My nurse came back as soon as she could and was happy to see I could wiggle my right foot. I had sent my friend home, it was late and I just needed someone there while I couldn't talk. She gave me more medication and told me to get some rest. I called my mom and talked to her for a while, then tried to take a nap. A few hours later the paralysis had subsided enough that I could begin to move my right side. My nurse came back in, thrilled to see that I was able to sit up and asked what happened. We sat and talked for a long time about what I have and my life with HM. She told me she had assumed it was alcohol, but once she checked the BAC she had no idea. I told her no one ever knows what to do so they give me meds and send me home. And that the assumptions that I'm just drunk and not sick are a huge part of why I haven't drank in over two years. She said next time come back there, since now my charts are in their systems and I'll be able to get help faster.

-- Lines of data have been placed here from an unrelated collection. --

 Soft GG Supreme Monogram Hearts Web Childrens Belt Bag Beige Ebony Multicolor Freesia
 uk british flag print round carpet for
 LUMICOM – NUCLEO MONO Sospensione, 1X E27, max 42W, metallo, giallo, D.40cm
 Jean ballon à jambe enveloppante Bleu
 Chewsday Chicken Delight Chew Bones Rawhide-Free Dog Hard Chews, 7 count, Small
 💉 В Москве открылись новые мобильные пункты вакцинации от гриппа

I could see you standing outside my room watching me. After a long time you came in. You said you were glad to see I was okay, then you left and never came back in. I was discharged a few hours later by the male nurse that did my EKG. He told me he hopes he ever has to see me again, but at least they knew what it was now and would be able to help.​​

So to the doctor who ignored my hemiplegic migraine because he thought I was drunk, I hope you know I don't think this is entirely your fault. I don't blame you. Not for the lingering paralysis, not for the weeks of recovery I had to go through, not for the cane I had to buy, not for the jobs I lost while I was recovering...none of it. When you have a disease that only affects 0.03% of the population (according to the migraine center) it's not a shock when no one knows how to help you. And this really does happen all the time, multiple times a week.

I'm not better, but I'm getting there. It's been about 6 months since that night and I'm pretty convinced I will never have as much feeling in the right side of my body as I do in my left. I don't need my cane as much, but I've found it definitely makes navigating NYC with HM easier. The brain fog has been awful, but I'm managing okay.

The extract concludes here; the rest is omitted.